Prosthetics have for a long time concentrated on improving the quality of life of the disabled, via a prosthetic hand, knee joint or a leg (some even designed by college students), but future developments might change this approach and even healthy individuals could expect to gain substantial physical enhancements.

This summer millions observed the competition between the pioneering prosthetics sportsmen, South African Oscar Pistorius and the British prodigy Jonnie Peacock. Discussions on the use of physical prosthetics in sports attracted the attention of the public. Different perspectives on whether their blades were an advantage or disadvantage compared with normal runners were described by the Economist as well as Scientific American.

Today's technologies allow more sophistication than simple limb substitution. Scientists are vigorously experimenting with body-powered prosthetics and neuroprostheses. This direction was earlier set by the DARPA project on  Revolutionizing Prosthetics which aimed at improving the state of knowledge about upper-limb technologies, giving a possibility in the future to create mind-controlled prosthetics, powered for instance, by body fluids.

Cognitive enhancement - a world of sharper senses

As it is difficult to set a plausible limit to human intelligence or cognitive powers, cognition - perception, attention, understanding and memory - is one of the most attractive human features to enhance. Recent advancements in neurosciences and pharmaceuticals make these enhancements accessible to the general population.

The most well-known cases are of students misappropriating hyperactivity drugs to help them study for longer. BBC Newsnight's feature on this is available here, while further question on the ethical and regulatory perspectives of human enhancement are discussed by two transhumanists, Nick Bostrom and Andres Sandberg from the Oxford Martin School in this article. 

Future enhancement

Not all bionic projects are driven by models that mimic or enhance humans.

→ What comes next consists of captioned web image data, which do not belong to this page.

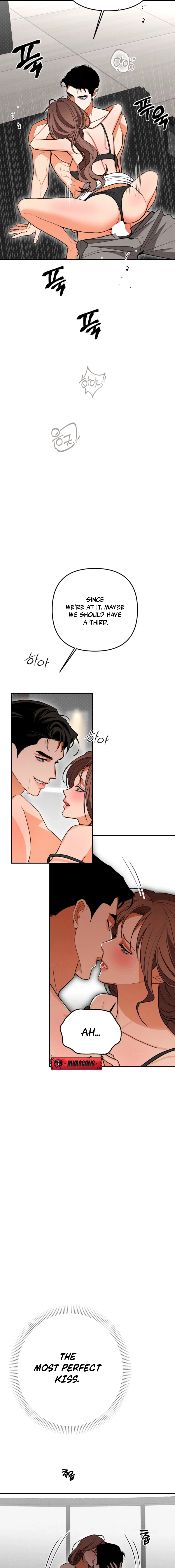 Read The Absolute Threshold chapter 75 image 6 on Lezhin
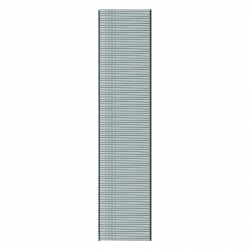 Гвозди для пневматического нейлера, длина 30 мм, ширина 1.25 мм, толщина 1 мм, 5000 шт Matrix
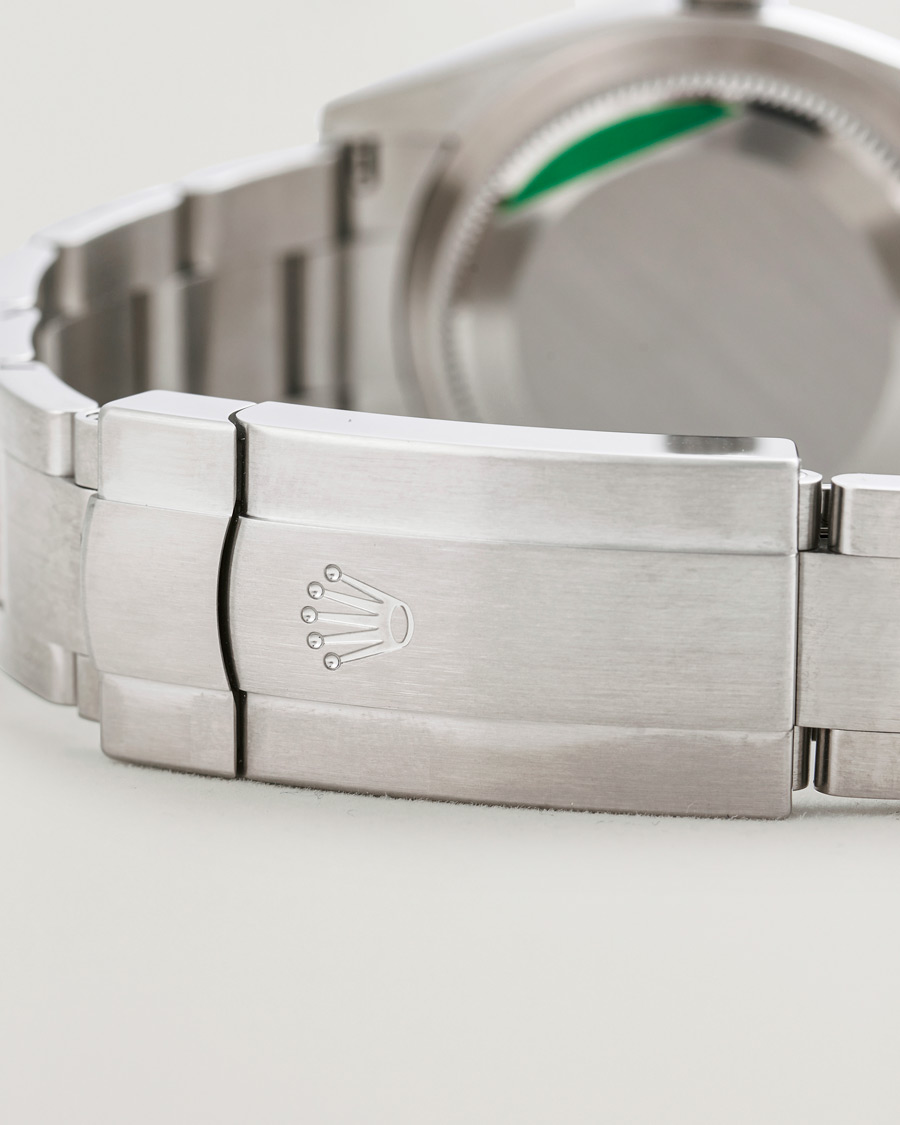 Men | Rolex Pre-Owned Oyster Perpetual 34 | Rolex Pre-Owned | Oyster Perpetual 34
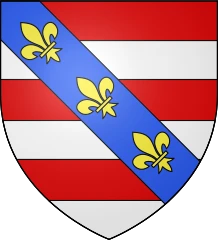 Logo de Saint-Jean-de-Soudain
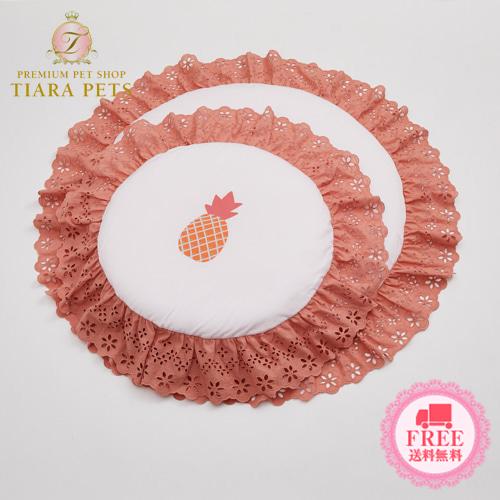ルイスドッグ louisdog Anywhere Rug/Zingy Marshmallow Petit 小型犬 マット ラグ セレブ 送料無料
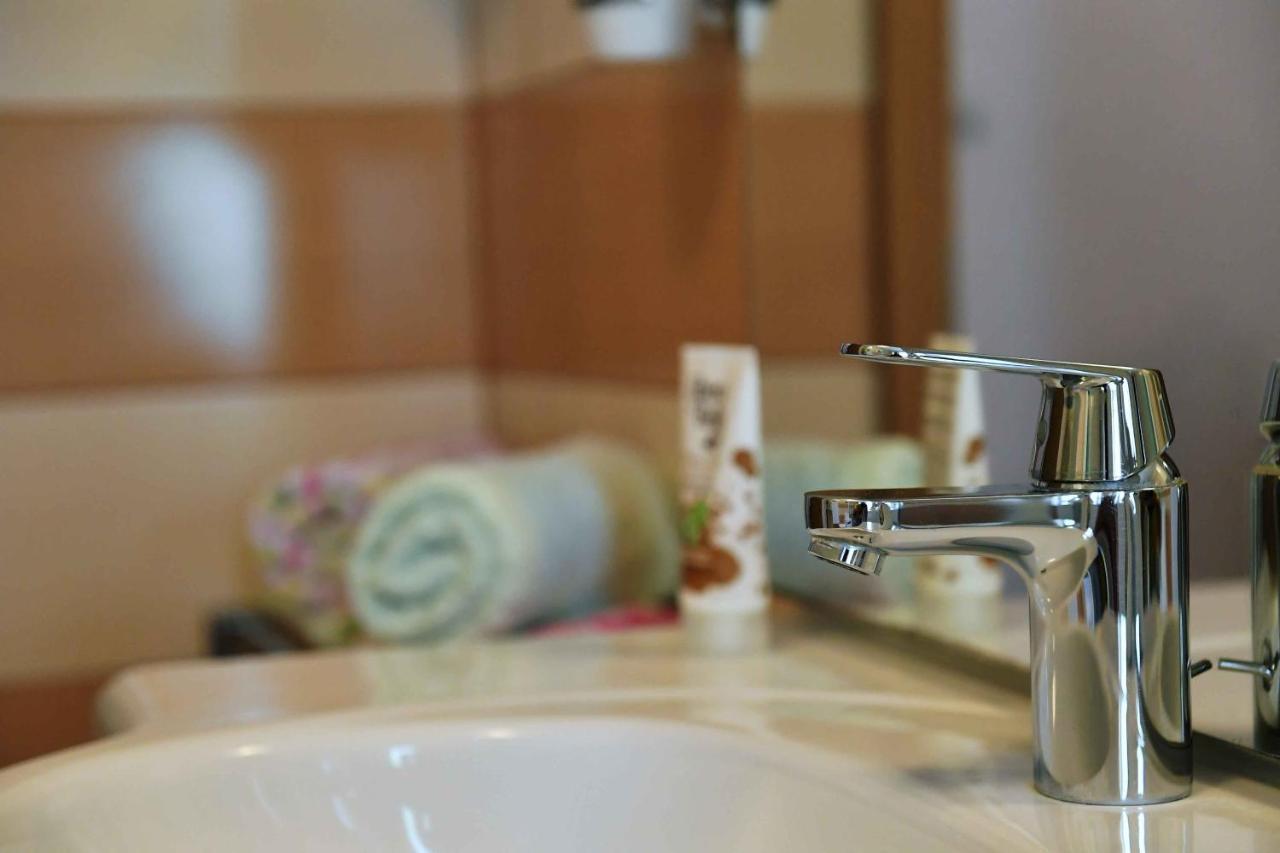 Apartment Leon โอปาติยา ภายนอก รูปภาพ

Pure robotics is providing some of the solutions that devices like exoskeletons are designed to help us do. A MIT engineering spin-off - Boston Dynamics - for the last few years worked closely with DARPA on a number of projects using animal-inspired field robots, examples of which include the cheetah (robot running up to 28mph), the big dog (rough terrain robot) or the LS3 (Legged Squad Support System) or an elephant-trunk electronic arm build by Fedo. Perhaps in future, the enhanced workforce will not be simply about enhanced humans, but about enhanced autonomous robots as well. 

Similarly, not all human enhancements in the future will be about making prosthetic changes to a body. Some athletes use erythropoietin, a hormone that regulates red blood cell production, in efforts to improve their performance, which is arguably a form of genetic enhancement. Using the results of genetic tests to make reproductive decisions based on non-disease traits could be considered to be a form of passive genetic enhancement. Selectively aborting foetuses after performing an in utero test could be categorised as an enhancement technique. Gene transfer techniques may eventually be used for enhancement purposes. However, the use of gene transfer techniques to modify a particular trait is likely to be unsuccessful. Hundreds of genes can play a role in a particular characteristic; and gene transfer modifies only specific genes in isolation.